Cluster Failover
Hello Experts,
We were experiencing issue in one of our master server i.e Win2008. So we moved the netbackup services to Node1. backup ran fine for 2-3 hours and later they were giving the error code 98 on the Node1. So finally we moved the netbackup services to node2 that was actual and backups were fine.
(1) There were the below event logs on node1
TLD(1) [7808] unable to read exit status from tldcd: Error number: (10060), stat = -3
TLD(1) [12200] Drive 7 (device 5) has not become ready. Last status: The requested resource is in use.
TLD(1) [13832] Drive 2 (device 2) has not become ready. Last status: The requested resource is in use.

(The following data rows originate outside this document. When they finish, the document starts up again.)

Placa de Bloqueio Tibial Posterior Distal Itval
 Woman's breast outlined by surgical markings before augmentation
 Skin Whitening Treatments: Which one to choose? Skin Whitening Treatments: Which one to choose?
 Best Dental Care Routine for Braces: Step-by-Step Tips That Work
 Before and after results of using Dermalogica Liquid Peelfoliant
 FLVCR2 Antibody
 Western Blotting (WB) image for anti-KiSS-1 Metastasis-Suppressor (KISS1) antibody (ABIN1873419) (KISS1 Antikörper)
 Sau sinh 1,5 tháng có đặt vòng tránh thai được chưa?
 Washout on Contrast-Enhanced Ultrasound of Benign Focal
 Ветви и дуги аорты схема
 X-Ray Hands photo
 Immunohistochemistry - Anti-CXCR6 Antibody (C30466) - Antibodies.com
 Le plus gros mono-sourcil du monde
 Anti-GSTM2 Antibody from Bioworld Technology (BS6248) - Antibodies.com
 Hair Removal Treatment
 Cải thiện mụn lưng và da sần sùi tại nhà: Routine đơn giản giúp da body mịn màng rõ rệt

Request for media ID L00087 is being rejected because mount requests are disabled (reason = robotic daemon going to DOWN state)
Pls help.
(2) Whenever we move netbackup services from Node1 to Node2 or vice versa we are losing the activty job logs. I mean if 10 jobs are running on node 1 and we have to move netbackup services to Node2. On node 2 we could see only the new jobs not the 10 jobs that were running on node1 same is happening on other server as well.
Pls help
As per your previous thread about db/media/errors - you had reservation issues - something else was using the drive.
nbrbutil -dump will confirm if NetBackup has a reservation on the drive or tapes already.
If not, power cycle the drives and also check to ensure no other servers not using NetBackup have the drives zoned.
As for you jobs not passing across the nodes, what version of NBU is this?
Is netbackup\db\jobs on the shared disk that floats between the nodes.
The entire netbackup\db should be on the shared disk!!!!
- You need to troubleshoot device errors while master is on node 2. Sounds to me like lack of SCSI3 reservation which is needed in a cluster environment. Probably node 1 still holding reservations if backups were active during failover. Read up about SCSI-3 reservation in Admin Guide 1. You can also check vmoprcmd command on how to release reservation from cmd. Another possibility is incorrect device mappings due to lack of persistent binding. I agree with revaroo. Jobs database should be on shared storage that will failover along with all other db's. Sounds like you need a health check on your cluster install.